### Your goal
Of the material below, the lines to be retyped are those from the line containing "Letto box spring" through the line containing "6.2FT Lighted Christmas", inclusive; reproduce them exactly.

>>

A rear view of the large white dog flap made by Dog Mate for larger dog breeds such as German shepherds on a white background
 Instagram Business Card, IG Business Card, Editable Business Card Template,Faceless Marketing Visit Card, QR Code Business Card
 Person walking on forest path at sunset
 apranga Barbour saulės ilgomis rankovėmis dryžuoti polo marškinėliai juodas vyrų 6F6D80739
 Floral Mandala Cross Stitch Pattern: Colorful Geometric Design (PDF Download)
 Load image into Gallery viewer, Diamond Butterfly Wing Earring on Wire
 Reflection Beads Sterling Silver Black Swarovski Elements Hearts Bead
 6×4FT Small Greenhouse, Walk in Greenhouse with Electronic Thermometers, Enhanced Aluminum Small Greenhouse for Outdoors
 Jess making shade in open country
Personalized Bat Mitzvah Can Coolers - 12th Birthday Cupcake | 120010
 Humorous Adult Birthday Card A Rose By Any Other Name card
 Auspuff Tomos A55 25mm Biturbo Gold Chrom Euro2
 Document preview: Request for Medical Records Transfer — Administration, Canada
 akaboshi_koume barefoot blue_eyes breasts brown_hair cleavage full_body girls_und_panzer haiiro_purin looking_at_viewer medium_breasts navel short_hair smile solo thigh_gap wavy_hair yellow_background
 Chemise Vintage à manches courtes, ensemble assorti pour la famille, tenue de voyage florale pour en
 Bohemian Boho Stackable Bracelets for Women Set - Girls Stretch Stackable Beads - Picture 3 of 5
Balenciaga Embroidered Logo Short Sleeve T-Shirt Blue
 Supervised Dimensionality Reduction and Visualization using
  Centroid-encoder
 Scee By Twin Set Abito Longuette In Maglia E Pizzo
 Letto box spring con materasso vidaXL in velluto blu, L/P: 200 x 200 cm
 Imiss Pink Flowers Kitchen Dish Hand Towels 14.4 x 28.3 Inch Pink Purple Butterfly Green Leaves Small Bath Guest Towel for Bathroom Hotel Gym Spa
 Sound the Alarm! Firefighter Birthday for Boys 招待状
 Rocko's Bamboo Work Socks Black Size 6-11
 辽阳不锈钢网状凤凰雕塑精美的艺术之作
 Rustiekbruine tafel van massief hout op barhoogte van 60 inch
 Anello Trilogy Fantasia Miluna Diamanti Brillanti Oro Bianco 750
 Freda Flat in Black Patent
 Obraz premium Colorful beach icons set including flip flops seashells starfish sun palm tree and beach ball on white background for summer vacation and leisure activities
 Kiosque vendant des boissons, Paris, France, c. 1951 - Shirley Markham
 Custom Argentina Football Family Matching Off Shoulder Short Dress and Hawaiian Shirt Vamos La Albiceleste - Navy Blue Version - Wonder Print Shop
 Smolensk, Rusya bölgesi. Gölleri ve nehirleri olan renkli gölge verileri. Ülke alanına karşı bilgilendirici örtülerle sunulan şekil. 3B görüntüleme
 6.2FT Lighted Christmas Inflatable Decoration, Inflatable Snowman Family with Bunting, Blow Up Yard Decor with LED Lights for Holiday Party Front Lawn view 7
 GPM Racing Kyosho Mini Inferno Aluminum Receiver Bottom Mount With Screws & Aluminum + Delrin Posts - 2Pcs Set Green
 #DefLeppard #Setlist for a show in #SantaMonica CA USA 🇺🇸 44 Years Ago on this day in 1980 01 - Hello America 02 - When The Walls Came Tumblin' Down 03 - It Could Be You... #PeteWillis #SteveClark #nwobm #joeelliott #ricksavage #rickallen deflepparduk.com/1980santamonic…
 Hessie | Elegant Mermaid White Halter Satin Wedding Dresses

<<

### Response to this exercise
 Letto box spring con materasso vidaXL in velluto blu, L/P: 200 x 200 cm
 Imiss Pink Flowers Kitchen Dish Hand Towels 14.4 x 28.3 Inch Pink Purple Butterfly Green Leaves Small Bath Guest Towel for Bathroom Hotel Gym Spa
 Sound the Alarm! Firefighter Birthday for Boys 招待状
 Rocko's Bamboo Work Socks Black Size 6-11
 辽阳不锈钢网状凤凰雕塑精美的艺术之作
 Rustiekbruine tafel van massief hout op barhoogte van 60 inch
 Anello Trilogy Fantasia Miluna Diamanti Brillanti Oro Bianco 750
 Freda Flat in Black Patent
 Obraz premium Colorful beach icons set including flip flops seashells starfish sun palm tree and beach ball on white background for summer vacation and leisure activities
 Kiosque vendant des boissons, Paris, France, c. 1951 - Shirley Markham
 Custom Argentina Football Family Matching Off Shoulder Short Dress and Hawaiian Shirt Vamos La Albiceleste - Navy Blue Version - Wonder Print Shop
 Smolensk, Rusya bölgesi. Gölleri ve nehirleri olan renkli gölge verileri. Ülke alanına karşı bilgilendirici örtülerle sunulan şekil. 3B görüntüleme
 6.2FT Lighted Christmas Inflatable Decoration, Inflatable Snowman Family with Bunting, Blow Up Yard Decor with LED Lights for Holiday Party Front Lawn view 7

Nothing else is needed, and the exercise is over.